*** Provided material
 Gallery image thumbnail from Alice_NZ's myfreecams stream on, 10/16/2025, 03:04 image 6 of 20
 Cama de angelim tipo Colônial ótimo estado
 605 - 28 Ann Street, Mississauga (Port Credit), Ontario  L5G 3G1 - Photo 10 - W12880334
******
*** Provided material
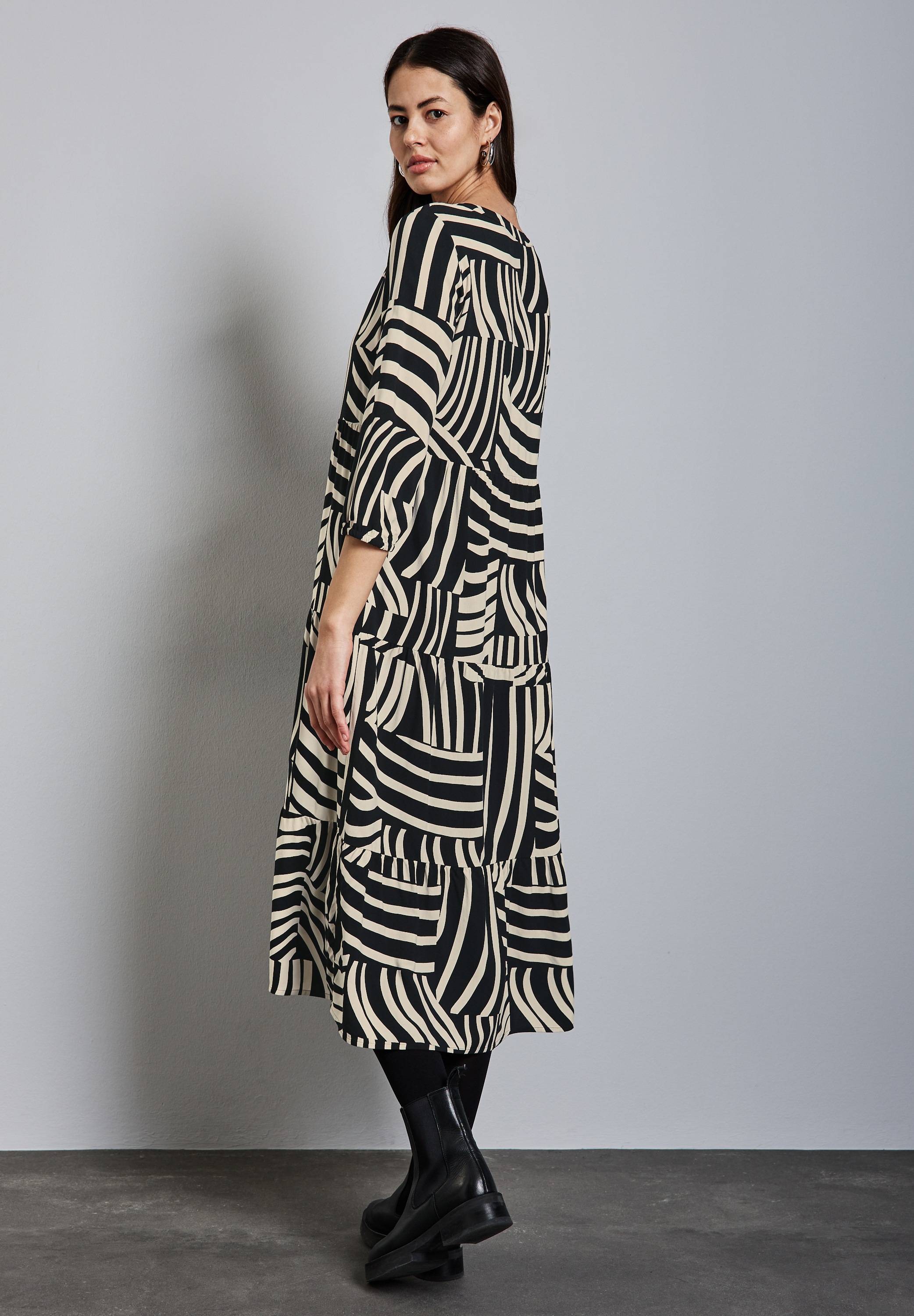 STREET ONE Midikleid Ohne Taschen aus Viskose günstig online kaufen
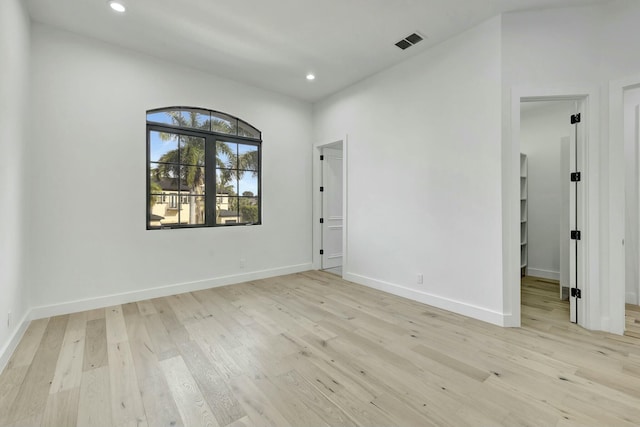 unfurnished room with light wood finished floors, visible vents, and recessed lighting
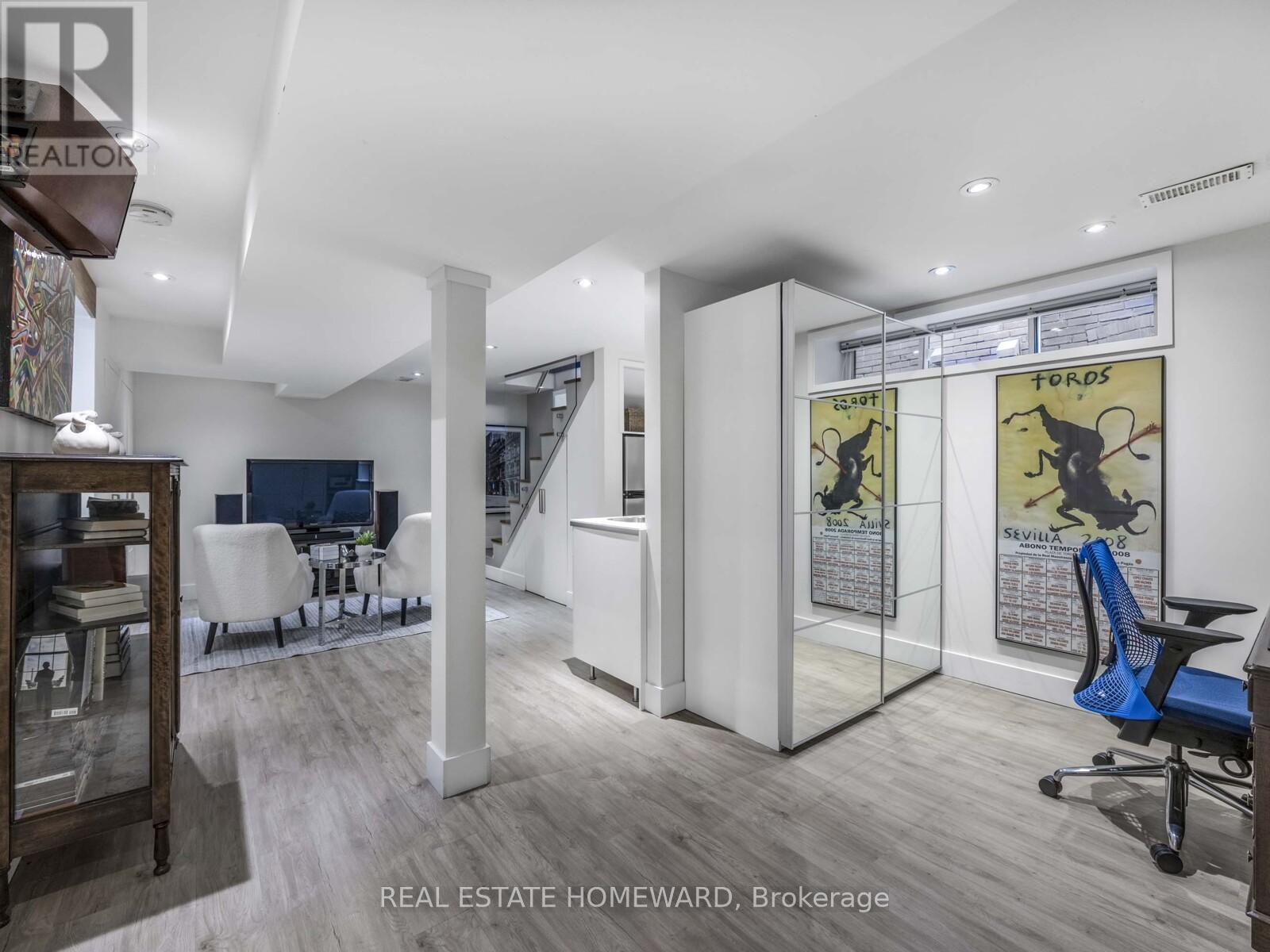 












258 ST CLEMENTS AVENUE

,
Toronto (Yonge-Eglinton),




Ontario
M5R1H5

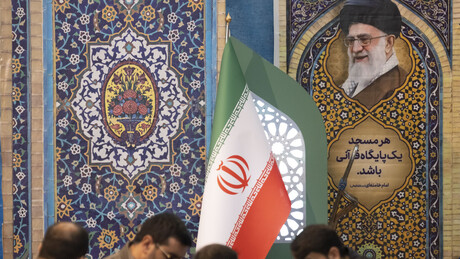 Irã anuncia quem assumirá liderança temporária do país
******
*** Provided material
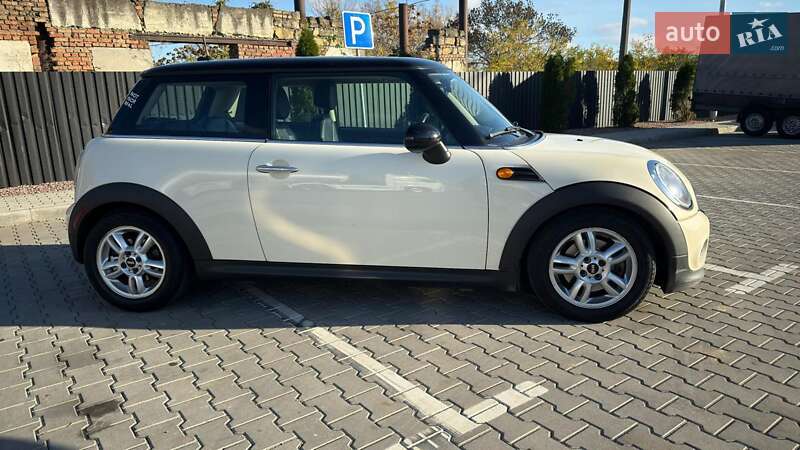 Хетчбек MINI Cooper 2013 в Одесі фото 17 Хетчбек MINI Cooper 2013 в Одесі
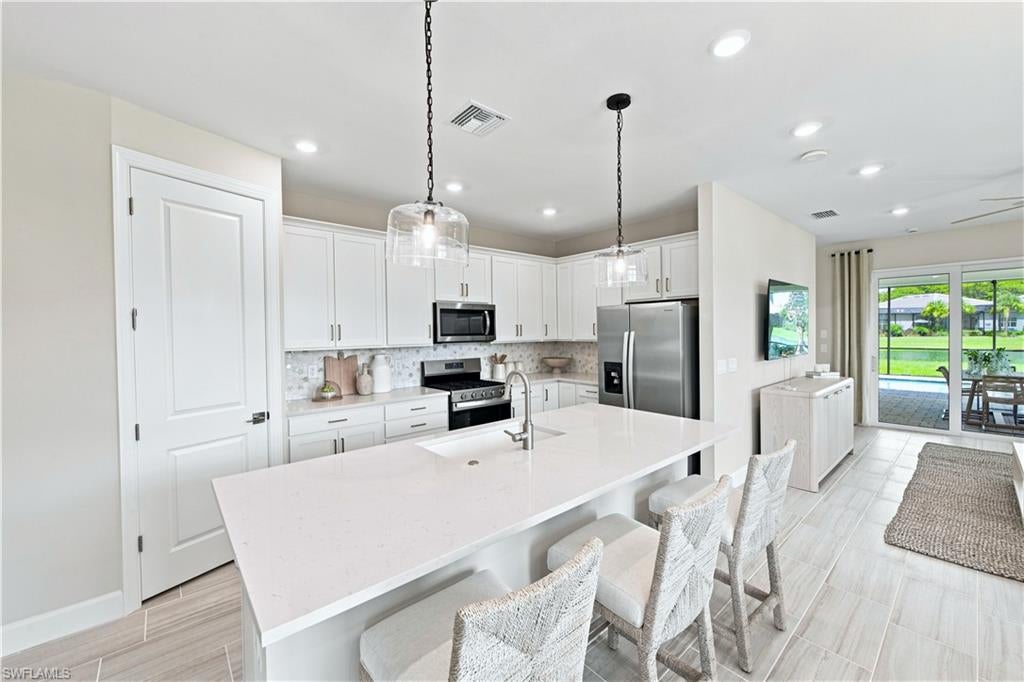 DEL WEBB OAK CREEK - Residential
******
- **Your objective**
Given the records above, return the lines starting at the one that holds "Хетчбек MINI Cooper 2013 в Одесі фото" and ending at the one that holds "DEL WEBB OAK CREEK - Residential", exactly, and nothing besides; leave every picture out.

- **Task solution**
 Хетчбек MINI Cooper 2013 в Одесі фото 17 Хетчбек MINI Cooper 2013 в Одесі
 DEL WEBB OAK CREEK - Residential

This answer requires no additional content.